Find the line with "Un gatto a figura" in the entries below, then output every line from it down to the line with "Таблица для расчета", exactly and with no pictures.
:: Records for this exercise ::
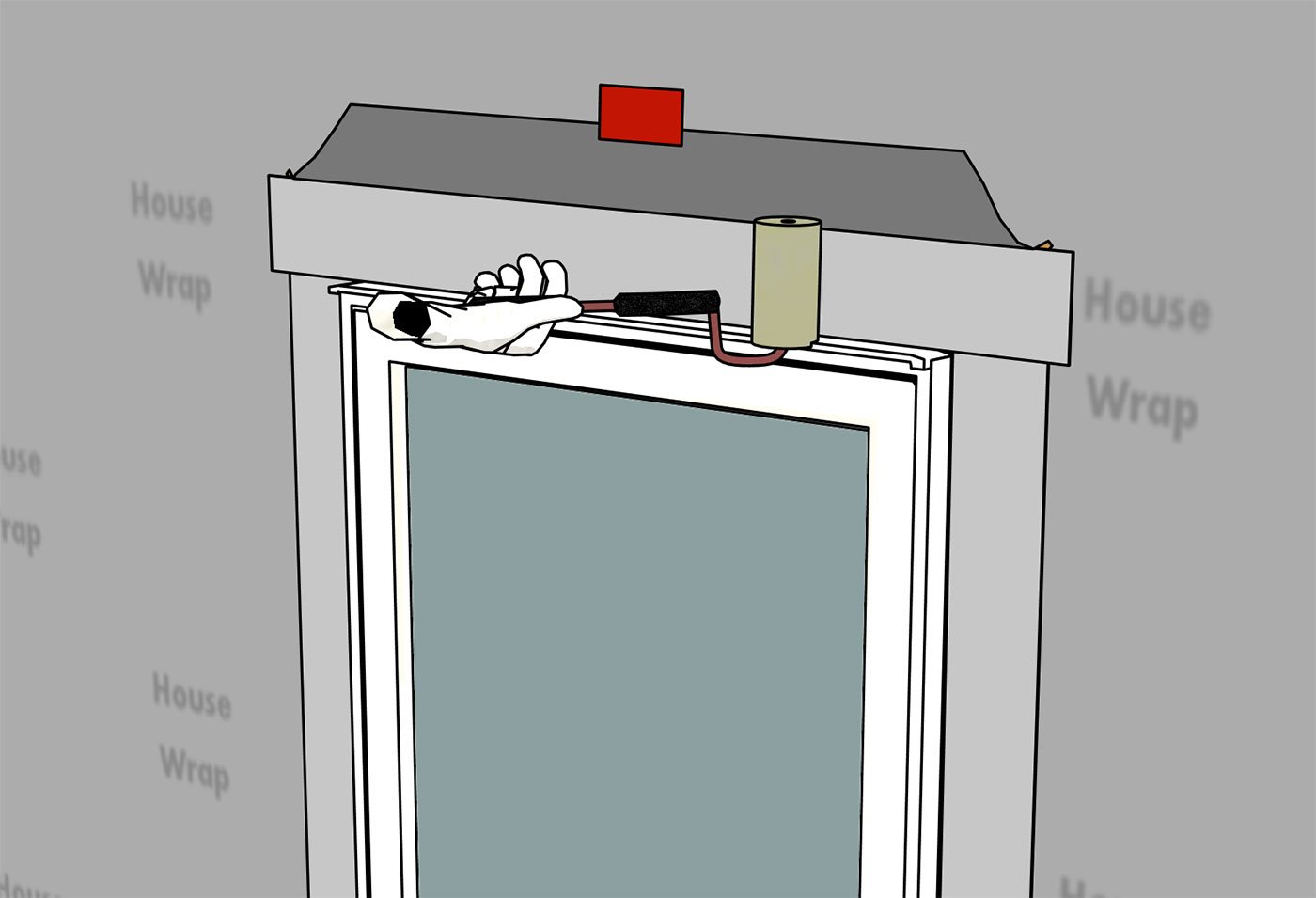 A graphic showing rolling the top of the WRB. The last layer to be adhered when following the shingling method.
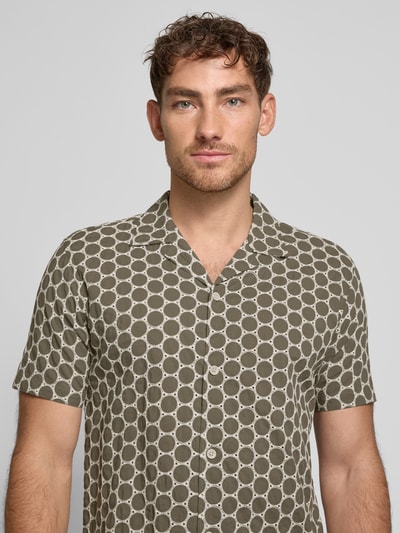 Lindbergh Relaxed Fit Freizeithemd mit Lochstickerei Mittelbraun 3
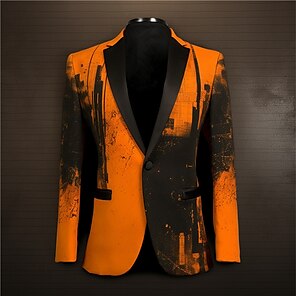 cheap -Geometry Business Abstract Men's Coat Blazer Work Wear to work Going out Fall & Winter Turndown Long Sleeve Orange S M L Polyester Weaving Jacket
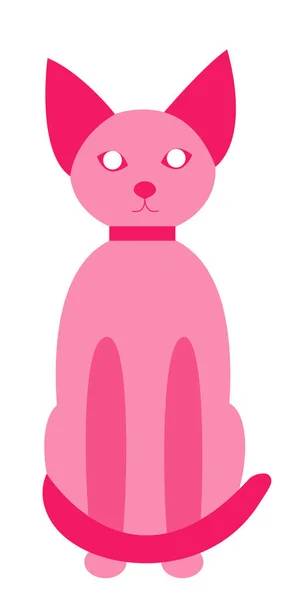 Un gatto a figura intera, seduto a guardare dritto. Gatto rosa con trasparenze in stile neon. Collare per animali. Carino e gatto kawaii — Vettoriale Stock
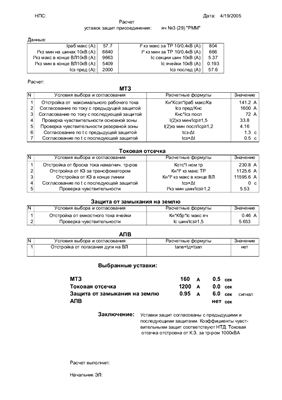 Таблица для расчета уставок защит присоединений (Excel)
:::
:: Records for this exercise ::
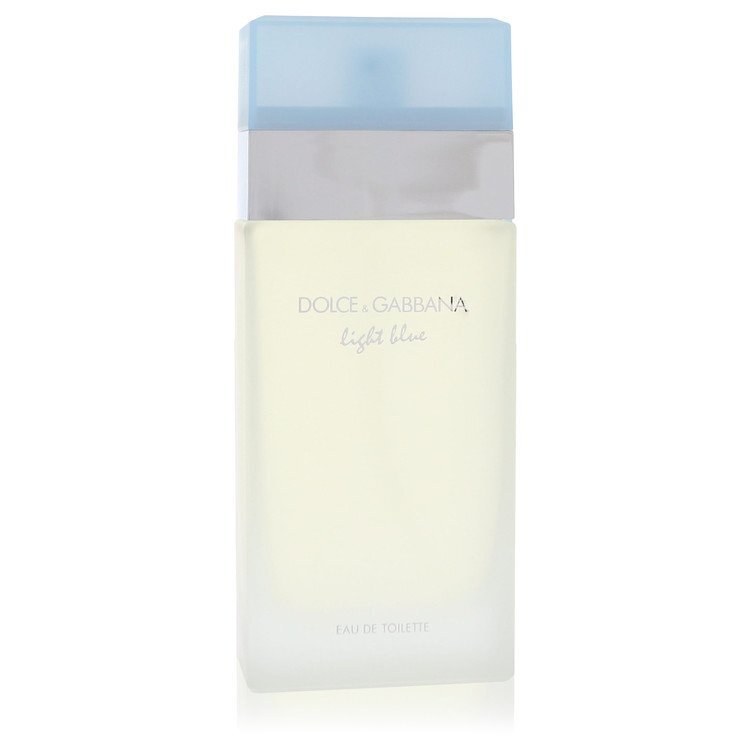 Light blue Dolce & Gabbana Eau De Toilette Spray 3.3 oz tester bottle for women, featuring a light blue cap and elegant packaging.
:::
:: Records for this exercise ::
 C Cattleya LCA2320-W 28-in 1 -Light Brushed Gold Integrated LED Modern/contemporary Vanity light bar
:::
Reply to the task.
 Un gatto a figura intera, seduto a guardare dritto. Gatto rosa con trasparenze in stile neon. Collare per animali. Carino e gatto kawaii — Vettoriale Stock
 Таблица для расчета уставок защит присоединений (Excel)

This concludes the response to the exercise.